Egypt’s Constituent Assembly is scheduled to meet on Tuesday to continue work towards drafting Egypt’s new constitution before a looming deadline in August.
The 100-member assembly chosen by the now-dissolved parliament will continue to work in the face of appeals challenging its constitutionality scheduled at the Administrative Judiciary court on July 30.
Debates have intensified over Article 2 of the constitution, which currently states, “Islam is the religion of the state and the Arabic language is its official language, and principles of Islamic law (Shari’a) are the main source of legislation.”
While the Muslim Brotherhood has officially supported the idea of an unchanged Article 2, Salafists in the Assembly have been pushing for the removal of the word “principles,” which would make Islamic Law the principle source of legislation.

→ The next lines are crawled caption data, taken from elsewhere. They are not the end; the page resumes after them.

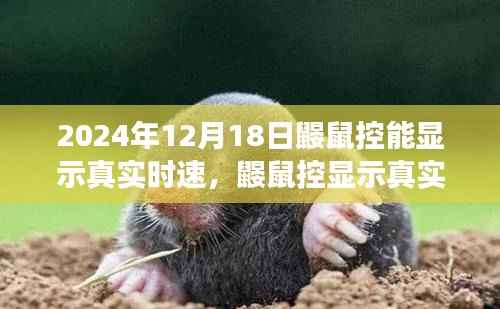 鼹鼠控显示真实时速,技术进步的双刃剑效应揭秘
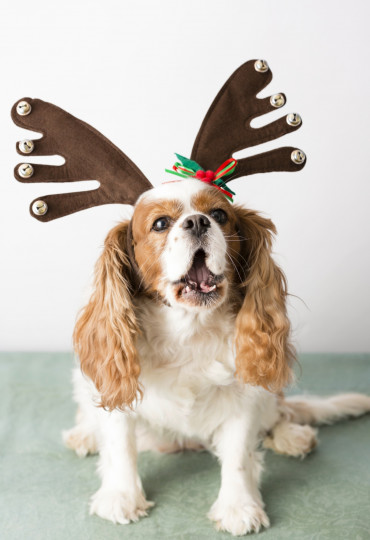 Сладки, коледни животни - снимка 10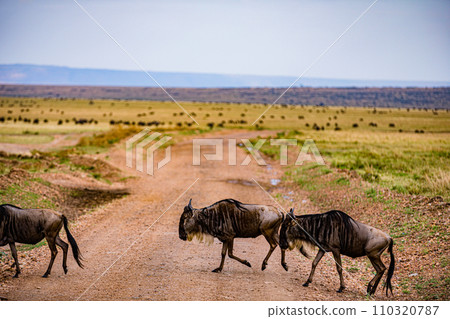 Wildebeest Migration wildlife animals mammals grazing savannah grassland wilderness hill shrubs great rift valley Maasai Mara National Game Reserve park Narok County Kenya East Africa Landscapes Travl Wildebeest Migration wildlife animals mammals grazing savannah grassland wilderness hill shrubs great rift valley Maasai Mara National Game Reserve park Narok County Kenya East Africa Landscapes Travl 110320787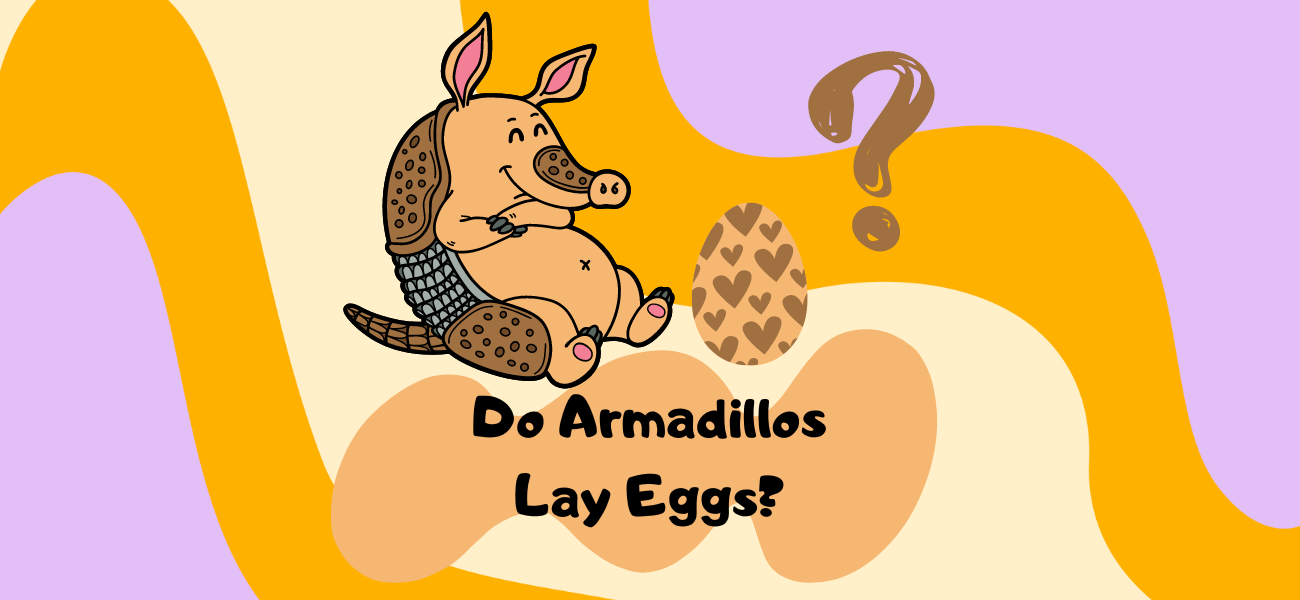 do armadillos lay eggs - surprising facts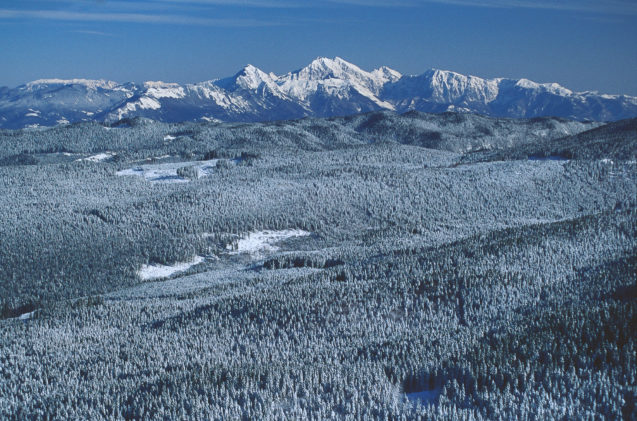 Aerial view of the spruce forest at Pokljuka Plateau blanketed with snow in winter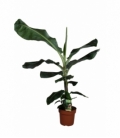 Musa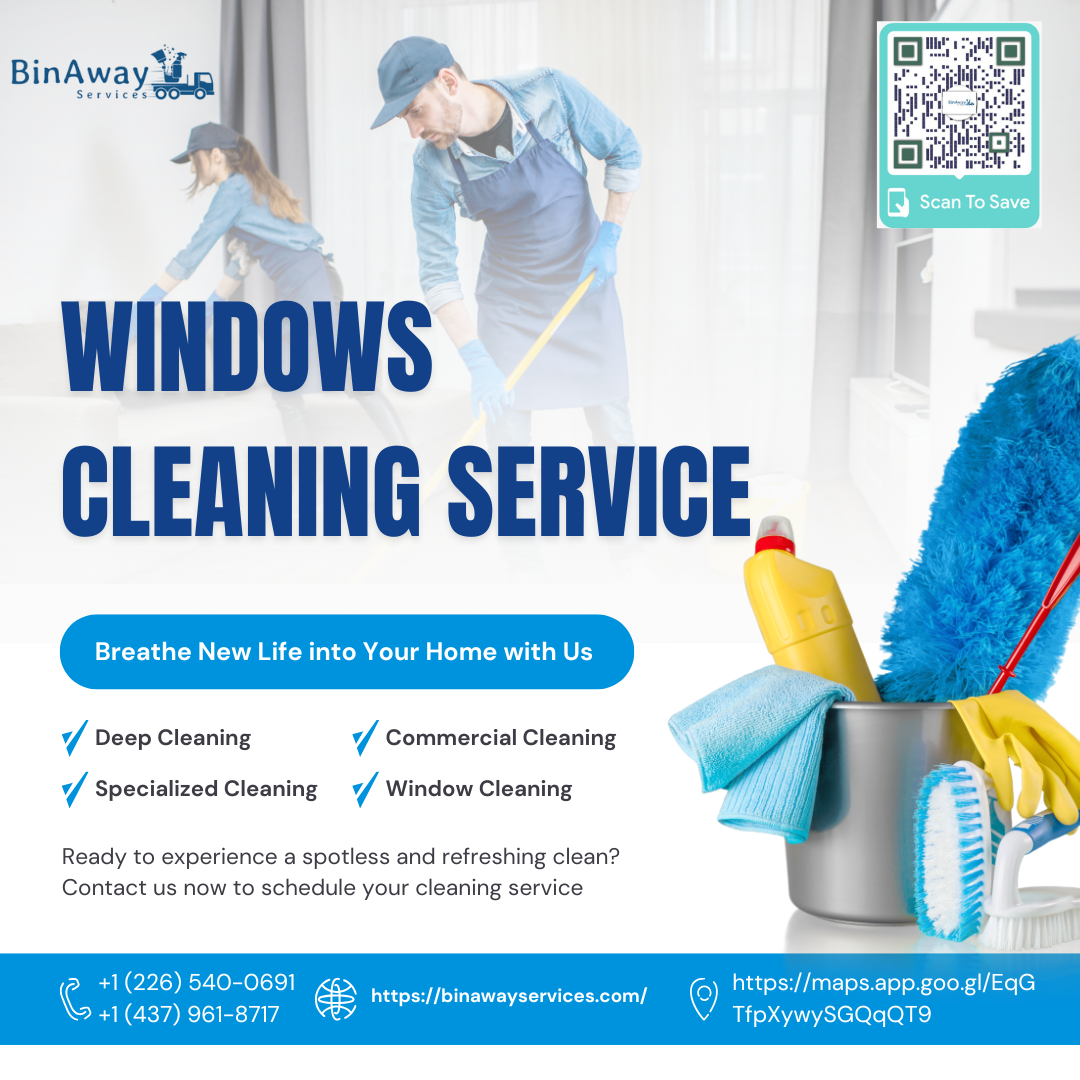 windows cleaning service
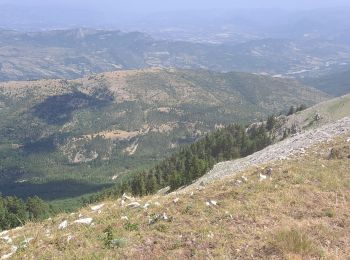 Randonnée A pied Valbelle - Montagne de Lure - Photo
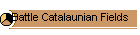 Battle Catalaunian Fields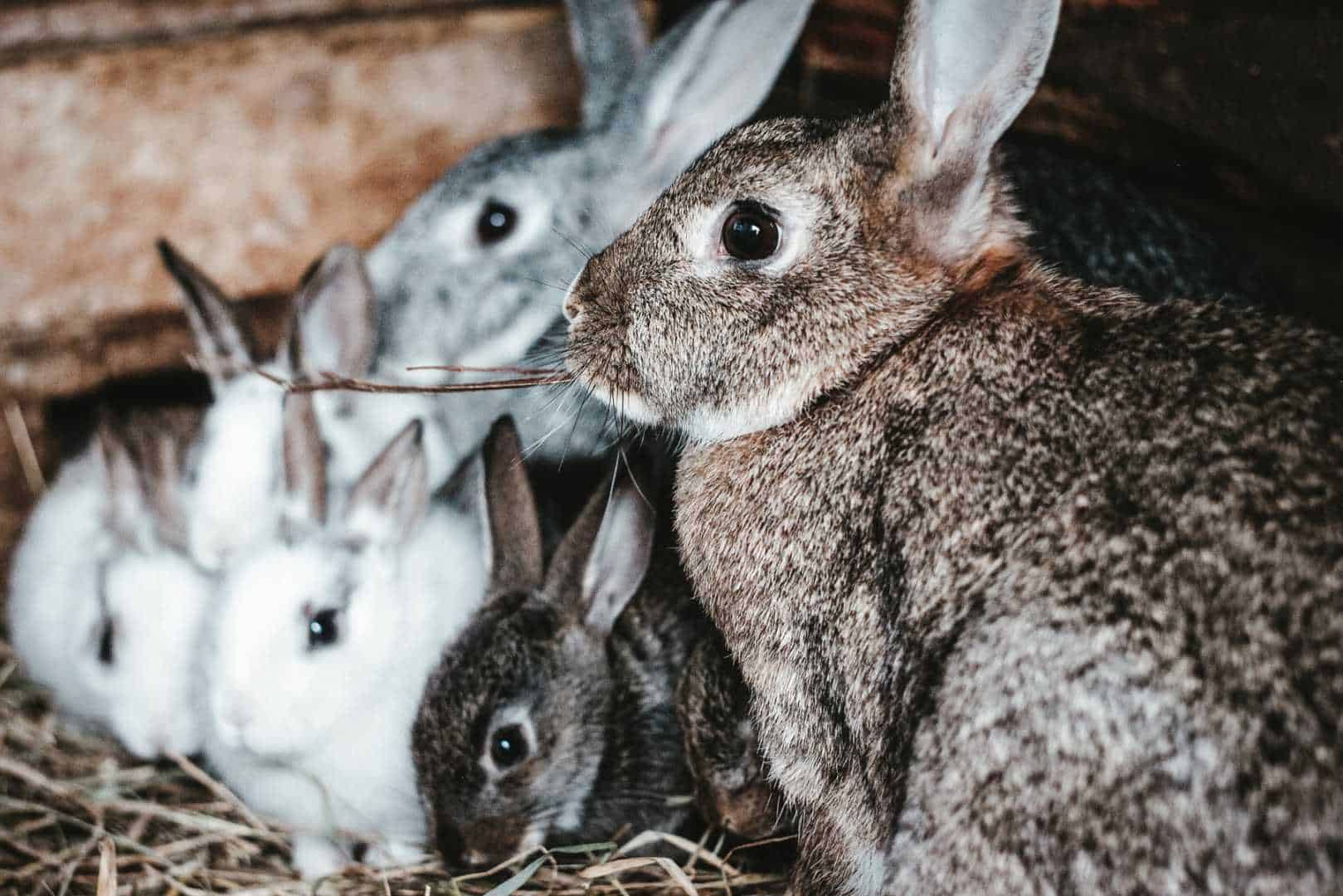 raising rabbits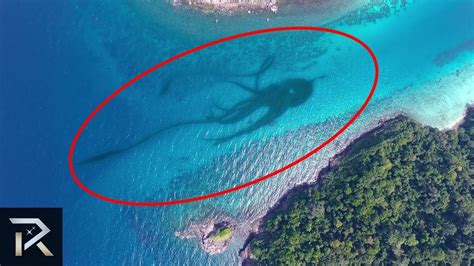 Legend has it the sea monster, similar in form to the giant squid, roamed the waters of norway and greenland attacking ships by wrapping its tentacles around them. 10 Mysterious Creatures We Spotted On Google Earth | Doovi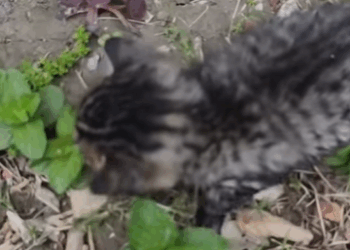 T0908019 rescued kitten that fell into drainpipe part2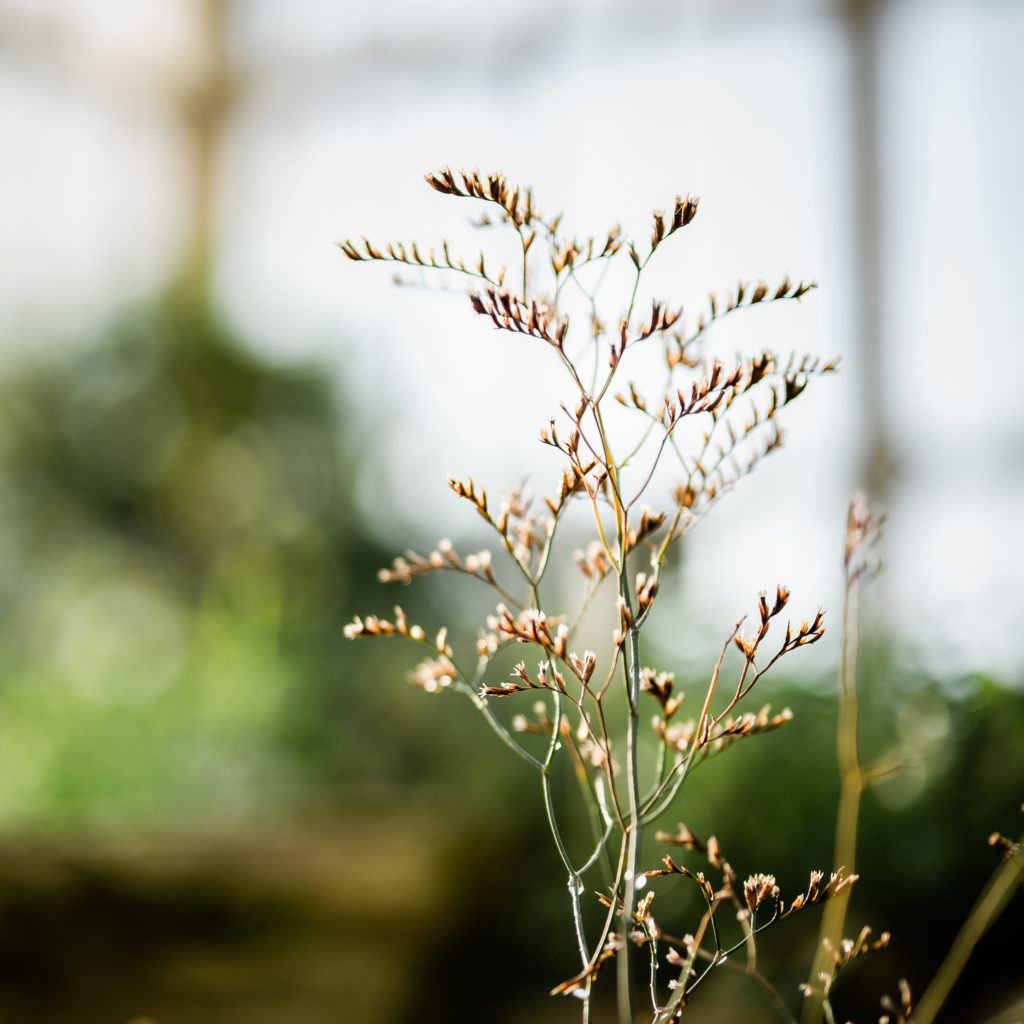 Gras im Botanischen Garten zu Berlin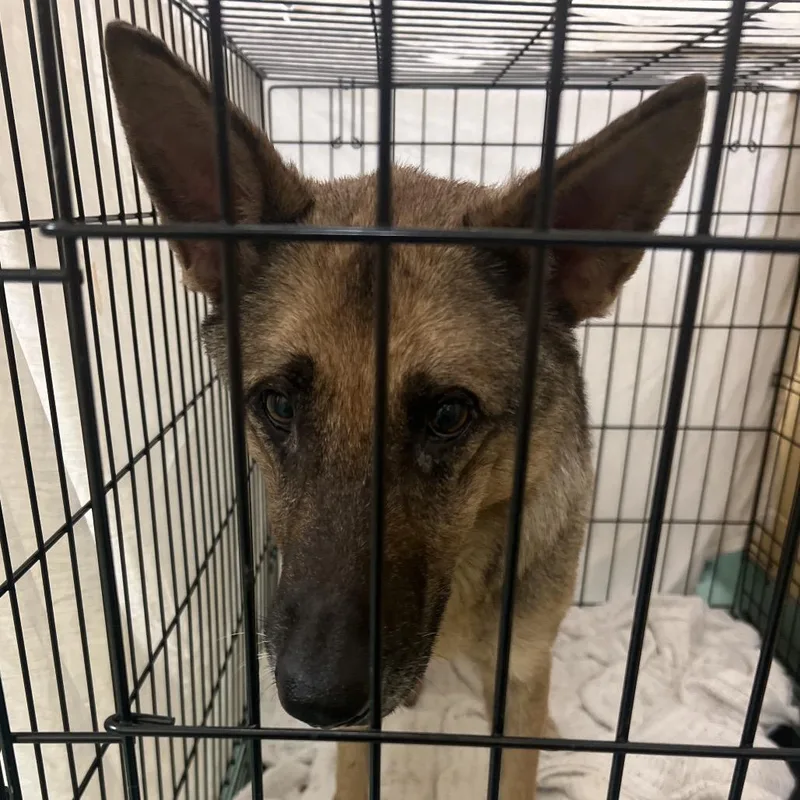 An adult medium-sized female Black Mixed Breed dog named Carlie for adoption in Memphis, TN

They have since threatened to call on its supporters to vote down the new constitution in a popular referendum unless “principles” is struck from the article or a clause is added giving Al-Azhar sole authority to interpret these “principles” over the courts.
Neighbour Tunisia and it’s moderate Islamist leading Ennahda Party removed the mentioning of Shari’a completely from the constitution when secularist factions protested it, much to the chagrin of the Tunisian Salafist movement.
Ennahda Party leader Rashid Ghannouchi maintained that his party’s program could be carried out without Shari’a.
Article 2 of the Egyptian Constitution was adopted in 1971 and has remained unchanged since. Grand Imam Ahmed el-Tayyeb of Al-Azhar has advocated leaving the article alone.
The current Constitutional Assembly stands in its second incarnation after the first assembly was dissolved.
Complaints regarding fair representation within the constitutional drafting committee persist, but the future of the committee currently lies with the Egyptian judiciary.